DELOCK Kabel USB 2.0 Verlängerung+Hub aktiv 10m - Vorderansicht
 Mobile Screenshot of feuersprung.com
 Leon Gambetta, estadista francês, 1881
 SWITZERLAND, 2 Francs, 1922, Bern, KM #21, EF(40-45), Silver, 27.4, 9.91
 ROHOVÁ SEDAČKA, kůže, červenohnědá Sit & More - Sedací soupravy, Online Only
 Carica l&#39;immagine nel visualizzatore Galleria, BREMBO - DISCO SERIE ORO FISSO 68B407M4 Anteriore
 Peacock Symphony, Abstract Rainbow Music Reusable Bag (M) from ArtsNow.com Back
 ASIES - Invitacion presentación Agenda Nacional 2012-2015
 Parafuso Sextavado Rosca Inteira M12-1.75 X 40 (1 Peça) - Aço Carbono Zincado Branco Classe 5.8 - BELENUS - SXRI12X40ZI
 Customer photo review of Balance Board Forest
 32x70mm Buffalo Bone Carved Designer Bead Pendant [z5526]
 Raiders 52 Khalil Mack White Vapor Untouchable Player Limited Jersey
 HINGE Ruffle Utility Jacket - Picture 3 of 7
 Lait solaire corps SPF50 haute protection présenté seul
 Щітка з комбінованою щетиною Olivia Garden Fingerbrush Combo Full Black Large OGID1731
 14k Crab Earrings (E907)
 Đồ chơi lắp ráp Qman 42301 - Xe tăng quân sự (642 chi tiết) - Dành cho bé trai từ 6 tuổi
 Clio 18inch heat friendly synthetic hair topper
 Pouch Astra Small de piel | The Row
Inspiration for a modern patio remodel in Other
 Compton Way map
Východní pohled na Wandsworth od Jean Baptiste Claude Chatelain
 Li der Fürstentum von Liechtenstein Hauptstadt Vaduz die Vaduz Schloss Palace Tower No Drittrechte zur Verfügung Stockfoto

..........

## About this task:
Out of the data above, transcribe exactly and only the lines starting with the line that has "32x70mm Buffalo Bone" and going on through the line that has "14k Crab Earrings (E907)", both included.

## Output:
 32x70mm Buffalo Bone Carved Designer Bead Pendant [z5526]
 Raiders 52 Khalil Mack White Vapor Untouchable Player Limited Jersey
 HINGE Ruffle Utility Jacket - Picture 3 of 7
 Lait solaire corps SPF50 haute protection présenté seul
 Щітка з комбінованою щетиною Olivia Garden Fingerbrush Combo Full Black Large OGID1731
 14k Crab Earrings (E907)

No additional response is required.